Policy-Based Segment Routing: Operational Implications
Segment Routing does not support fine-grained traffic engineering (TE), meaning label switch paths between different source / destination pairs, and variants there of, based on policy. Segment Routing does not, in my terminology, have the same capabilities as IP/MPLS, especially RSVP-TE based IP/MPLS (fine-grained TE with bandwidth reservation per LSP). Whether path-based engineering is needed, is a matter of preference; even more so for bandwidth reservations. However, drilling down on this issue, provides an opportunity to use the Three Olive Martini model to explore the options and tradeoffs between different parts of the network and what the implications would be for segment routing, if a network operator did want fine-grained TE.
Figure 1. Segment Routing reduces complexity, but not for the same capability
The old saying in network is you can’t reduce complexity, which I always append “for the same capability”. The conventional wisdom is that Segment Routing shifts information from the control plane to the forwarding plane. There is truth to this. However, whether the complexity/state reduction from the IP/MPLS control plane to the Segment Routing control plane is mostly due to do that shifting of information to the forwarding plane, or mostly to due to a reduction in capability, is probably difficult to quantify, but for sure it is both.
For operators that do not want fine-grained TE, that is fine, the conversation ends there. For operators who still want a little more fine grained TE, then this opens up the issue of how, and what are the implications. One candidate that emerges in this conversation is policy-based routing. In other words, source-routing traffic on different paths based on inspecting packets and identifying different flows. This creates more information, though not back in the control plane, in configuration and operations.
Figure 2. Segment Routing + Policy-based Routing increases complexity / state in configuration and operations.
This leads to the important discussion of what should be the single/primary source of truth in a network, the network itself or controllers/management systems.
It has been demonstrated time and time again that the most authoritative/accurate source of information about the network, is the network. Companies that have started with the principle that the network management system is the source of truth and the the “owner” of network state, have sometimes had to start again. If you want to know about the network, then ask the network. If you want to know if a port is UP on a router, ask the router.
As much as routers know the most about their own state, they don’t know anything about the intent of the network operator. This has to be communicated to routers, often through configuration.
Figure 3. Policy being distributed from network manager to routers.
Generally speaking, routers do not have a way, today, to discover / create intent. This is clearly information that is derived from services supported, business models, and engineering / operations philosophies.
A potential problem arises if multiple entities start playing with policy, controllers/network managers and individual operations people.
Figure 4. Policy being distributed from network manager to routers.
There are multiple challenges with policy configuration to start with. Generally speaking, it can be difficult to look at policy statements and know individually, and especially collectively, what the reasons behind the configuration are. This can become especially confusing for operations people when doing troubleshooting. It is worse when there are policy statements throughout the network that have to be coherent. In the modern trend, and especially with Segment Routing, the issue of coherency is mitigated by moving policy from the core to the edge / distribution points in the network. The issue of why something is configured the way it is, may still remain. Hopefully controller / network managers will address this challenge going forward.

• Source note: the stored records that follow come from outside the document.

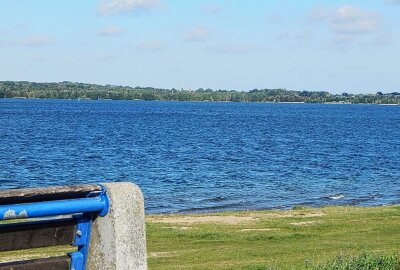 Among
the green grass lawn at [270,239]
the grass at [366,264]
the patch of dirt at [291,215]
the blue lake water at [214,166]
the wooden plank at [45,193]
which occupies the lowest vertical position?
the blue lake water at [214,166]

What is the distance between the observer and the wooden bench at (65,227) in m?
3.75

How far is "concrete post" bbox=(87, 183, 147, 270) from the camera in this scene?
162 inches

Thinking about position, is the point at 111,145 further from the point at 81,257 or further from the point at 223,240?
the point at 81,257

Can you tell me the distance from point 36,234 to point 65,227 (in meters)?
0.18

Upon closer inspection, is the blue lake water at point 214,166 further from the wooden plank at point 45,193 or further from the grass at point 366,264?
the wooden plank at point 45,193

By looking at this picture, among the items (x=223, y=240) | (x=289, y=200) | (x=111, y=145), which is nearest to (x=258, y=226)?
(x=223, y=240)

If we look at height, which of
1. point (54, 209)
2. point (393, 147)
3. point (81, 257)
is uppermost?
point (54, 209)

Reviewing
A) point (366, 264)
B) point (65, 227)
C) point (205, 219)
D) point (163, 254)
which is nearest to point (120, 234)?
point (65, 227)

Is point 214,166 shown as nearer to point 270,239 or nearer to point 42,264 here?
point 270,239

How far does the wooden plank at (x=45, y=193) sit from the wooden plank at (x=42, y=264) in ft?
1.15

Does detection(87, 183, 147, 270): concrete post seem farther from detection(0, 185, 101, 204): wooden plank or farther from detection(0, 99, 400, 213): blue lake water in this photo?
detection(0, 99, 400, 213): blue lake water

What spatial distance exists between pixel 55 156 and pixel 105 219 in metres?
56.0

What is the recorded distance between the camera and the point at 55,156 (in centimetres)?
5912

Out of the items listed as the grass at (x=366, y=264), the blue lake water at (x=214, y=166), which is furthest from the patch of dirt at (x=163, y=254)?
the blue lake water at (x=214, y=166) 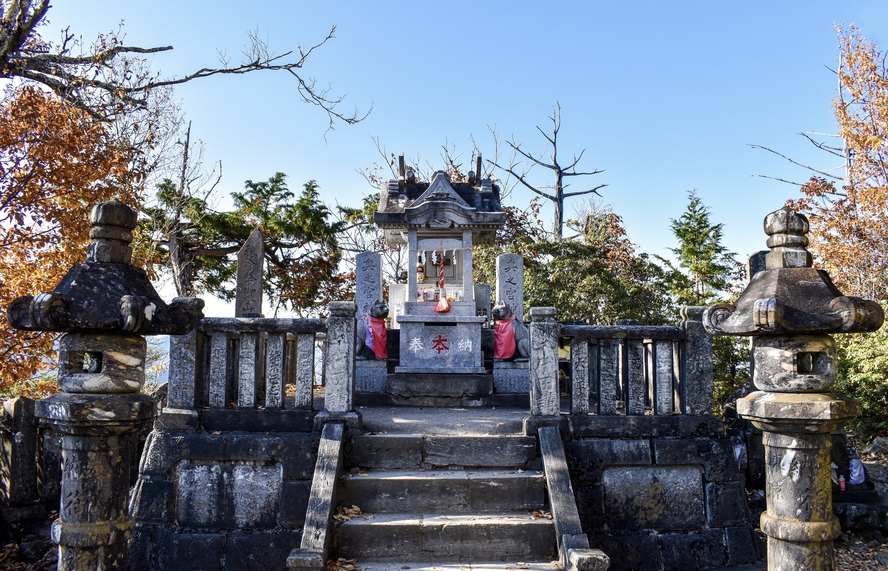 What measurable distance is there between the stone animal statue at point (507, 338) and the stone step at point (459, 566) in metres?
4.83

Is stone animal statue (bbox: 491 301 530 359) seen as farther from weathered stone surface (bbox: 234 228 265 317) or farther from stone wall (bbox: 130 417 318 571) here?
stone wall (bbox: 130 417 318 571)

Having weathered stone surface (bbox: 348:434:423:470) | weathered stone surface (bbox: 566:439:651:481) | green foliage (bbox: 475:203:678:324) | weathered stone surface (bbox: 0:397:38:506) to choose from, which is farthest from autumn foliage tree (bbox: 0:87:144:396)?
green foliage (bbox: 475:203:678:324)

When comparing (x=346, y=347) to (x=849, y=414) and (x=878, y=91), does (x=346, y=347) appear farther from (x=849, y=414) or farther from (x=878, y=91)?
(x=878, y=91)

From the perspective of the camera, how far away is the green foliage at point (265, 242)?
19.0m

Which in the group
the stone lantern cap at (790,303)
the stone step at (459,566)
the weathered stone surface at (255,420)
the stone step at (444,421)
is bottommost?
the stone step at (459,566)

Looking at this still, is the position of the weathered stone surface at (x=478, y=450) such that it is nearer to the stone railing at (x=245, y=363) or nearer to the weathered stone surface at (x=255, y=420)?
the weathered stone surface at (x=255, y=420)

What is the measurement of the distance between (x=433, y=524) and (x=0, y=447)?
5718 millimetres

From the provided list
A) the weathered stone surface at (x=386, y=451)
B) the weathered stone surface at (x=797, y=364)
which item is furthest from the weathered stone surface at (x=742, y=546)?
the weathered stone surface at (x=386, y=451)

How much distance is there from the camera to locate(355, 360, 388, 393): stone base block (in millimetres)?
9805

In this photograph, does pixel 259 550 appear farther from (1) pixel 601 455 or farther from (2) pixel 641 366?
(2) pixel 641 366

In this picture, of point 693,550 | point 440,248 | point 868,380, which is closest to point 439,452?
point 693,550

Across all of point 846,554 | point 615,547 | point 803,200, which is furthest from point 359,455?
point 803,200

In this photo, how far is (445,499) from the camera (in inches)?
230

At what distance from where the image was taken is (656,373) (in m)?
6.79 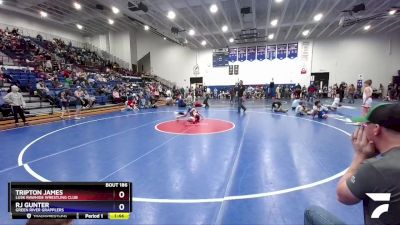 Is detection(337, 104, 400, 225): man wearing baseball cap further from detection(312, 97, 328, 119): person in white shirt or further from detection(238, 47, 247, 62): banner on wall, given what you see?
detection(238, 47, 247, 62): banner on wall

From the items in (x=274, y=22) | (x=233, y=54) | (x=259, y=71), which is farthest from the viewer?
(x=233, y=54)

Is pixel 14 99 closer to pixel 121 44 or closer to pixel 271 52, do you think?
A: pixel 121 44

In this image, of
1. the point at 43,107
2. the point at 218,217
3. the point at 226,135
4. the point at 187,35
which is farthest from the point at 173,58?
the point at 218,217

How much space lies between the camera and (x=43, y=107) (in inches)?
487

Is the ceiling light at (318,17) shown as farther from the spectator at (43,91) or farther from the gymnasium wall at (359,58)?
the spectator at (43,91)

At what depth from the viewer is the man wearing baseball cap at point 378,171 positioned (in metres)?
1.00

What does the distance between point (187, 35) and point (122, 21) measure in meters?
6.75

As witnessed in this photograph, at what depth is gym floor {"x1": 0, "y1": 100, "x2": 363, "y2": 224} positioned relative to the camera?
291 cm

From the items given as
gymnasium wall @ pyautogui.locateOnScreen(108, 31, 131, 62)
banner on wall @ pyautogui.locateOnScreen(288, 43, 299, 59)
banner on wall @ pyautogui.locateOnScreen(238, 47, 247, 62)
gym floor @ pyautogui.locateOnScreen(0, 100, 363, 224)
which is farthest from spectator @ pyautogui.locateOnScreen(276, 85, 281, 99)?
gymnasium wall @ pyautogui.locateOnScreen(108, 31, 131, 62)

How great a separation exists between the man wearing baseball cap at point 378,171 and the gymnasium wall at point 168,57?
92.3ft

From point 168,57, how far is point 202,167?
26.4m

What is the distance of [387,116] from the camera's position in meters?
1.07

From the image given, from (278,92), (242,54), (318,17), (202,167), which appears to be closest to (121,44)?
(242,54)

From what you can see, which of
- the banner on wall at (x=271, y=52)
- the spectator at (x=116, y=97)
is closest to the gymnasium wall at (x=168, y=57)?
the banner on wall at (x=271, y=52) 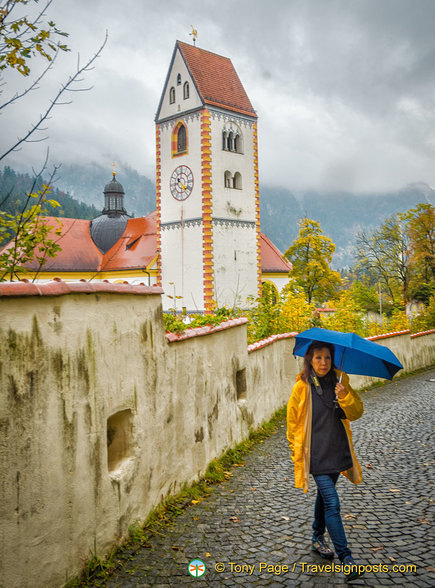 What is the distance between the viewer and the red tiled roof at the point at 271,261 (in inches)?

A potentially bigger problem is if one person does policy configuration via the CLI and another does it via a controller / network manager. It can be hard enough to know what the network should be / is doing with a specific flow when the list of policy statements become long. It will be even more difficult if a troubleshooter goes to the controller / network manager and gets one view of what is happening, not knowing about what has been entered through a command line interface (CLI).
The more non-programmatic configuration there is, the more confusing it maybe for operations people, to know what the network is doing, particularly problematic when trouble-shooting.
Conclusion
You cannot reduce complexity / information for the same capability. Segment Routing reduces state in the core, reducing information about individual paths, and thus reducing capability as well. Those network operators that want a more fine-grained approach to TE, may decide to use policy-based routing, which may push more state and complexity into configuration / operations. Information / complexity does not only move between control and forwarding plane, but also between the management plane / configuration / operations and the network.